16-Bit MCU And DSP Confluence

Jan. 6, 2003
Along with 16-bit microcontrollers (MCUs), there are some very attractive DSPs that perform like MCUs, yet have real DSP capabilities. The typical DSP works on 16-bit data and is managed by a host processor—a microprocessor (MPU) or MCU that sets...

Along with 16-bit microcontrollers (MCUs), there are some very attractive DSPs that perform like MCUs, yet have real DSP capabilities. The typical DSP works on 16-bit data and is managed by a host processor—a microprocessor (MPU) or MCU that sets up the DSP; performs scheduling, data processing, and control functions; and manages the entire system. A few vendors now offer these blended processors by combining the attributes of both.

Such blended MCU-DSPs have the Harvard-style bus structure that lets a DSP access two or three memory spaces at once, as well as the fast single-cycle MAC operations. Bit manipulation, logical operations, conditional branching, software stacks, and intricate memory indexing add to the normal DSP functions of single-cycle multiply-accumulates (MACs), modulo addressing and circular buffers, no-overhead looping, overflow handling, and flexible interrupt structure. With numerous peripheral circuits on board to help the blended processor, these parts can be very powerful.

Blended MCU-DSPs typically perform comparably to 16-bit MCUs, challenging traditional DSPs at the same clock rate. Applications such as higher-end motor control, mid-range telephony, datacom, consumer audio, uninterruptible power supplies, industrial, and certain automotive applications benefit from fewer chips. The second chip consumes space and power, adds cost, and tacks on that many more pins to solder down and test. Eliminate it and that's one less chip to be ordered and inventoried, and maybe one less vendor to qualify on the bill of materials.

For many years, Motorola has sold a blended MCU-DSP. The 56800 DSP family includes 16-bit 56000 DSPs with registers, addressing, and controller instructions modeled after the 68HC11 MCU and a bit of the 68000 MPU. A few years ago, Motorola revamped the design with a faster, enhanced version. It now offers a dozen or so parts, many flash-based, running up to 120 MHz.
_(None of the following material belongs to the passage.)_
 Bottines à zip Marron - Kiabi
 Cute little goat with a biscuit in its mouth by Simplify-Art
Texas Instruments brought out a DSP with MCU instructions about five years ago. But the 'C2700 architecture faded away once it failed to gain a foothold in the disk-drive industry for which it was targeted.
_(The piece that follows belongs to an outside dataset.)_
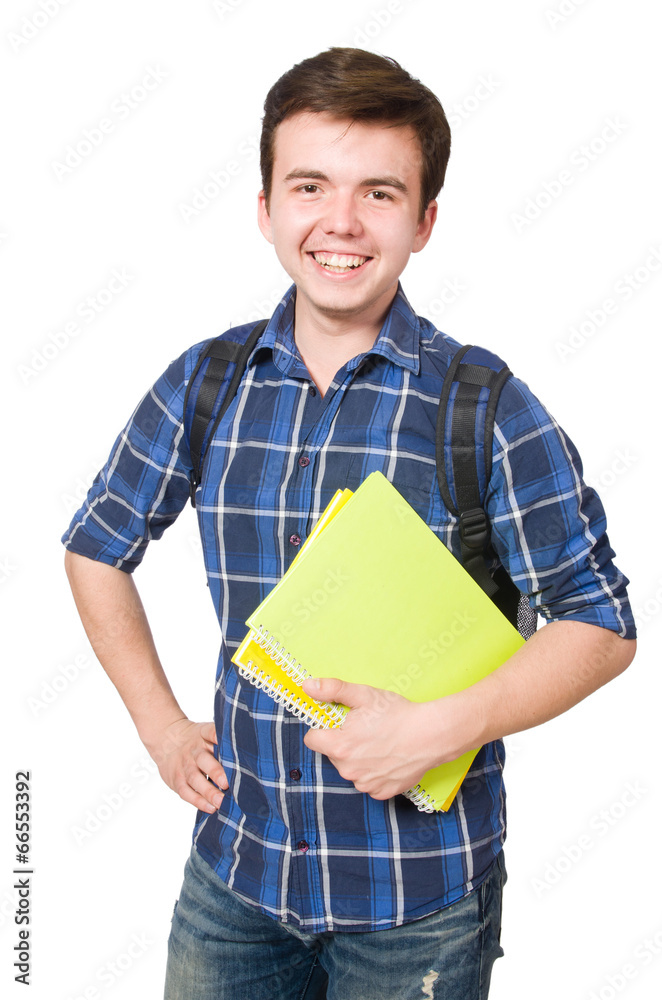 Young student with book on white Young student with book on white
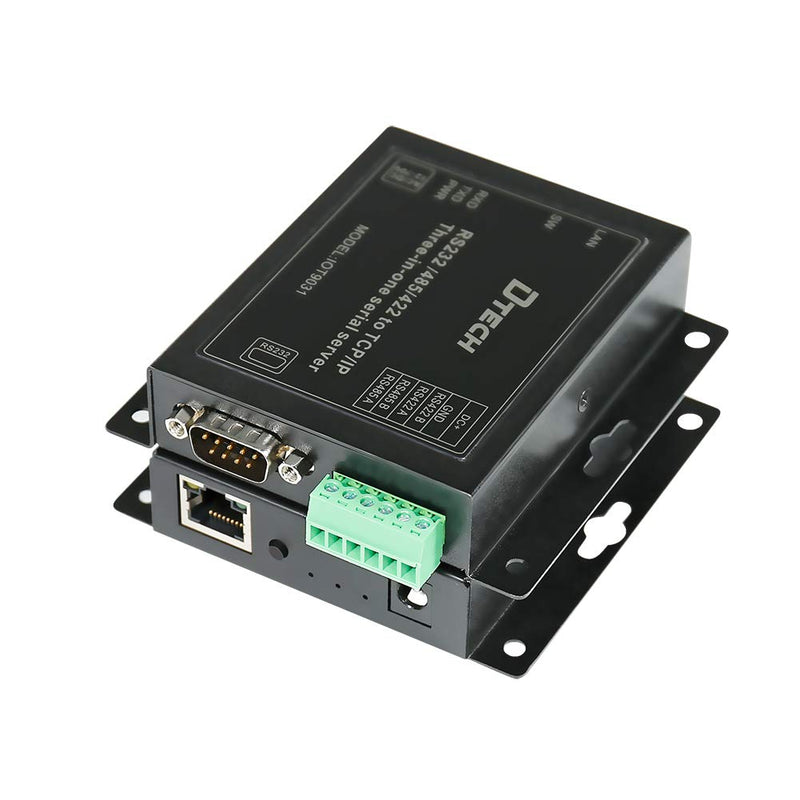 DTECH Serial to Ethernet Converter Adapter RS232 RS422 RS485 to TCP IP Device Server Supports DHCP DNS Modbus RTU/TCP 10/100M Power Over Ethernet POE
Two years ago, Microchip announced that it would enter the 16-bit MCU market with a new blended MCU-DSP architecture. The "dsPIC" is still being worked on, but 20 configurations are shown. Digital signal processing requires more sophisticated programming, so hopefully Microchip can remove some of the fear that engineers may have in stepping into DSP, as they did with MCUs.

Working out the interdependencies between control code and signal processing code may be more difficult with far more resources being shared in a blended chip. But in separate chips, this can be more cumbersome simply because the same development tool might not support both the MCU and DSP, which could come from different vendors. At least with the blended chip, the tools and the compiler will obviously support both the control code and the DSP code as it is one and the same.